General characteristics
- Class & type: LST-1-class tank landing ship
- Displacement: 4,080 long tons (4,145 t) full load ; 2,160 long tons (2,190 t) landing;
- Length: 328 ft (100 m) oa
- Beam: 50 ft (15 m)
- Draft: Full load: 8 ft 2 in (2.49 m) forward; 14 ft 1 in (4.29 m) aft; Landing at 2,160 t: 3 ft 11 in (1.19 m) forward; 9 ft 10 in (3.00 m) aft;
- Installed power: 2 × 900 hp (670 kW) Electro-Motive Diesel 12-567A diesel engines; 1,700 shp (1,300 kW);
- Propulsion: 1 × Falk main reduction gears; 2 × Propellers;
- Speed: 12 kn (22 km/h; 14 mph)
- Range: 24,000 nmi (44,000 km; 28,000 mi) at 9 kn (17 km/h; 10 mph) while displacing 3,960 long tons (4,024 t)
- Boats & landing craft carried: 2 or 6 x LCVPs
- Capacity: 2,100 tons oceangoing maximum; 350 tons main deckload;
- Troops: 16 officers, 147 enlisted men
- Complement: 13 officers, 104 enlisted men
- Armament: Varied, ultimate armament; 2 × twin 40 mm (1.57 in) Bofors guns ; 4 × single 40 mm Bofors guns; 12 × 20 mm (0.79 in) Oerlikon cannons;

= USS LST-179 =

LST-1-class landing ship tank

USS LST-179 was a in the United States Navy during World War II.

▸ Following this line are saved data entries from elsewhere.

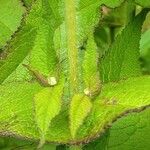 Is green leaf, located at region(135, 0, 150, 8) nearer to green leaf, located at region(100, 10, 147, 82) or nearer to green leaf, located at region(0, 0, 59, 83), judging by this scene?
green leaf, located at region(100, 10, 147, 82)

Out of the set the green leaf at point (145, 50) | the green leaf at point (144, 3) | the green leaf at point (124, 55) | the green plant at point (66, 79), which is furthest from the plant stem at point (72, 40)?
the green leaf at point (145, 50)

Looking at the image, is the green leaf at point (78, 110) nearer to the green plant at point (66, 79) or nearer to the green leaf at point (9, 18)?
the green plant at point (66, 79)

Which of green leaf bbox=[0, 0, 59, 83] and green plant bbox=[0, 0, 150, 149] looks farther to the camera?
green leaf bbox=[0, 0, 59, 83]

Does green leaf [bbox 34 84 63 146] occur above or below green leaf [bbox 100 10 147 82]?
below

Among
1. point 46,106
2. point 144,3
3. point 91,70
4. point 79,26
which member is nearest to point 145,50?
point 144,3

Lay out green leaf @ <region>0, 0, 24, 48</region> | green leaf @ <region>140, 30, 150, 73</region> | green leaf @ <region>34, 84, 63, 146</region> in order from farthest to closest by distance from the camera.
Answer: green leaf @ <region>140, 30, 150, 73</region> → green leaf @ <region>0, 0, 24, 48</region> → green leaf @ <region>34, 84, 63, 146</region>

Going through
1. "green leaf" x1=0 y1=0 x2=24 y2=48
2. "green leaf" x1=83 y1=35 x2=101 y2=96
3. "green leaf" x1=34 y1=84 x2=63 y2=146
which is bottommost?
"green leaf" x1=34 y1=84 x2=63 y2=146

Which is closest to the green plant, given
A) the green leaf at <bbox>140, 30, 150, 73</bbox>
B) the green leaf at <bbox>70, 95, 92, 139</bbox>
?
the green leaf at <bbox>70, 95, 92, 139</bbox> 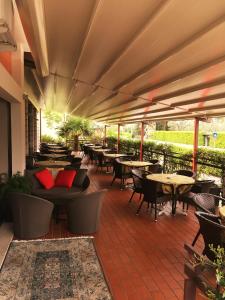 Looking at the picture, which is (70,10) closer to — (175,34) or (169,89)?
(175,34)

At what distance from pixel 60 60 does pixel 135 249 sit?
3.72 m

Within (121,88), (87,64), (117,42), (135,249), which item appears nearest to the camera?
(117,42)

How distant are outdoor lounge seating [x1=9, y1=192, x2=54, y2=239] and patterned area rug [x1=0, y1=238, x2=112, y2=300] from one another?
0.59 ft

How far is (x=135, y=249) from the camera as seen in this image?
4.00 m

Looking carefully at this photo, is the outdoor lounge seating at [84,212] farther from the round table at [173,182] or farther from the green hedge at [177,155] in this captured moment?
the green hedge at [177,155]

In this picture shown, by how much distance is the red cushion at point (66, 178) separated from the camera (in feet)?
18.7

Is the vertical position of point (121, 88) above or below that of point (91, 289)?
above

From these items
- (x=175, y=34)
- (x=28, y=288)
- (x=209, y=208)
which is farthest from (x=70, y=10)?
(x=209, y=208)

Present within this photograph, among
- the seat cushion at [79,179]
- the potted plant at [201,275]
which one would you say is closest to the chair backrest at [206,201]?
the potted plant at [201,275]

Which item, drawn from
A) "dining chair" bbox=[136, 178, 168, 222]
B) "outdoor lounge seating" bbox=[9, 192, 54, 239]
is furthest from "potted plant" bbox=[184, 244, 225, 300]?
"dining chair" bbox=[136, 178, 168, 222]

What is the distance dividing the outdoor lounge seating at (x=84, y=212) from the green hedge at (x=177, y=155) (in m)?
2.66

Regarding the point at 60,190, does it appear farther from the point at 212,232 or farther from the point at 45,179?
the point at 212,232

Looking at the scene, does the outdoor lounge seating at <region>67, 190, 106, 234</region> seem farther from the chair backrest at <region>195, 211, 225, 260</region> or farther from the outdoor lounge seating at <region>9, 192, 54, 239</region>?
the chair backrest at <region>195, 211, 225, 260</region>

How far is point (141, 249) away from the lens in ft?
13.1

== Construction and career ==
LST-179 was laid down on 7 February 1943 at Missouri Valley Bridge and Iron Co., Evansville, Indiana. Launched on 30 May 1943 and commissioned on 3 July 1943.

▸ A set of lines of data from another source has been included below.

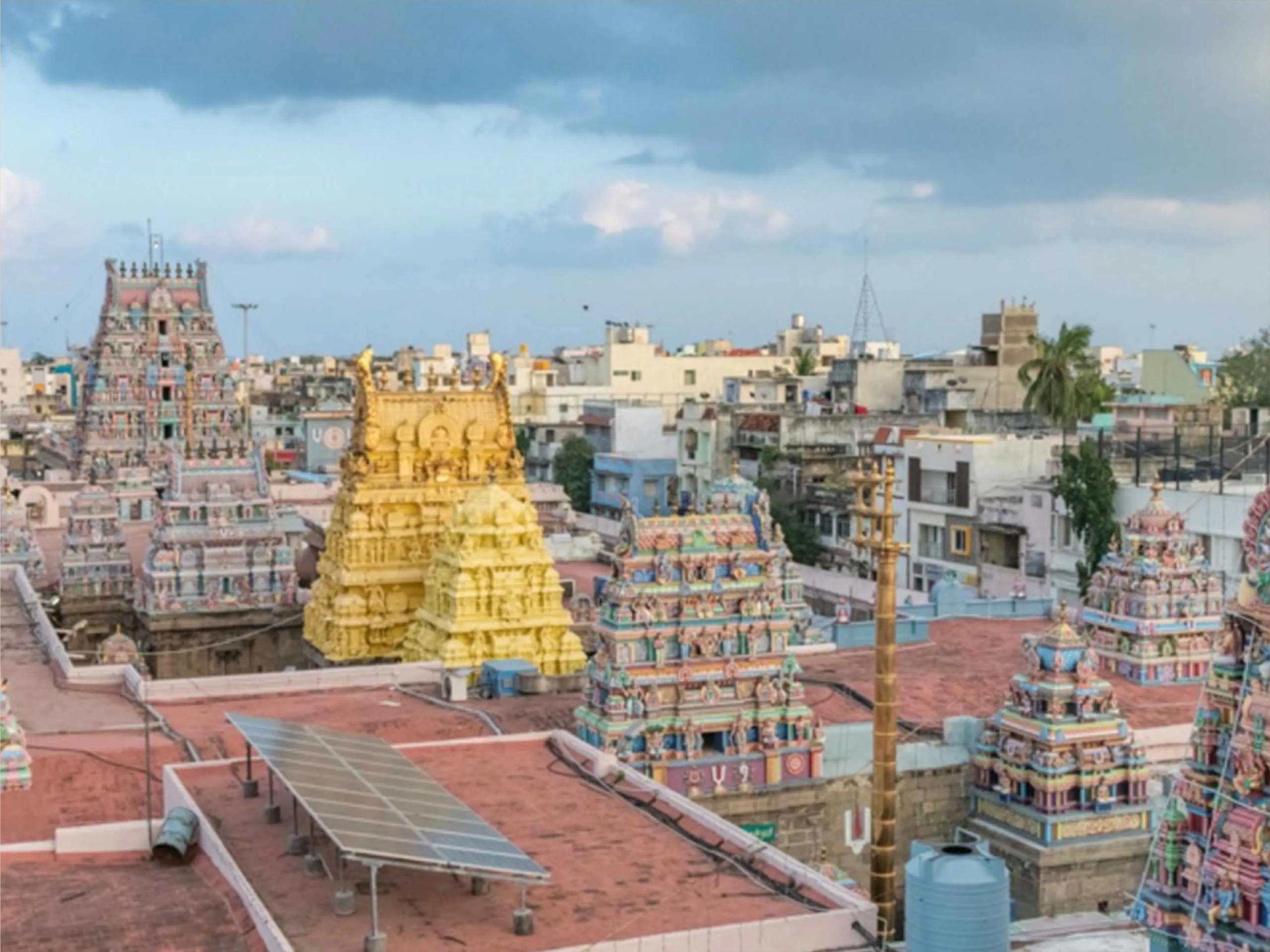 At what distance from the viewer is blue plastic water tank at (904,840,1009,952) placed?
17750 mm

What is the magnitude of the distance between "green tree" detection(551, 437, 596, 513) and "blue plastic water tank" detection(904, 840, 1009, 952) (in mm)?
65656

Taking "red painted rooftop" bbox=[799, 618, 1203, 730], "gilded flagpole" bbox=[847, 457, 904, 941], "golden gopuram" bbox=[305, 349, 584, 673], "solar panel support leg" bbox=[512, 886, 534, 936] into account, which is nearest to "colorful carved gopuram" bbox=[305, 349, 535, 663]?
"golden gopuram" bbox=[305, 349, 584, 673]

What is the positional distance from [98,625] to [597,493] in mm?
35701

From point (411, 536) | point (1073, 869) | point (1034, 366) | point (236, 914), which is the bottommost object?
point (1073, 869)

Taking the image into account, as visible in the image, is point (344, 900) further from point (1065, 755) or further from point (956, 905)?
point (1065, 755)

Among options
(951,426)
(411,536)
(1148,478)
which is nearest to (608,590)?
(411,536)

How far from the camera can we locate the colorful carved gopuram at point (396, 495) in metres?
42.8

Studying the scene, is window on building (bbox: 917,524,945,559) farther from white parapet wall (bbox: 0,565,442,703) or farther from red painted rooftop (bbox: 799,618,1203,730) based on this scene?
white parapet wall (bbox: 0,565,442,703)

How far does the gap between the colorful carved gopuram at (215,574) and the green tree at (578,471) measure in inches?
1393

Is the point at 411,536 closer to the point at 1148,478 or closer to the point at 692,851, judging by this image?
the point at 692,851

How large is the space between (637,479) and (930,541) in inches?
841

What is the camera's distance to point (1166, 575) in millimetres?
38344

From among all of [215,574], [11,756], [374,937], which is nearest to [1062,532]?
[215,574]

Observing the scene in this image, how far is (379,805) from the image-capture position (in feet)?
64.8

During World War II, LST-179 was assigned to the Asiatic-Pacific theater. She took part in the Gilbert Islands operations from 13 November to 8 December 1943.

She was destroyed and sunk during the West Loch disaster alongside 5 other LSTs at Pearl Harbor on 21 May 1944. On that day, she was moored with LST-205, LST-225, LST-274, LST-43, LST-69, LST-353, and LST-39. No crew members were lost aboard the ship during that disaster.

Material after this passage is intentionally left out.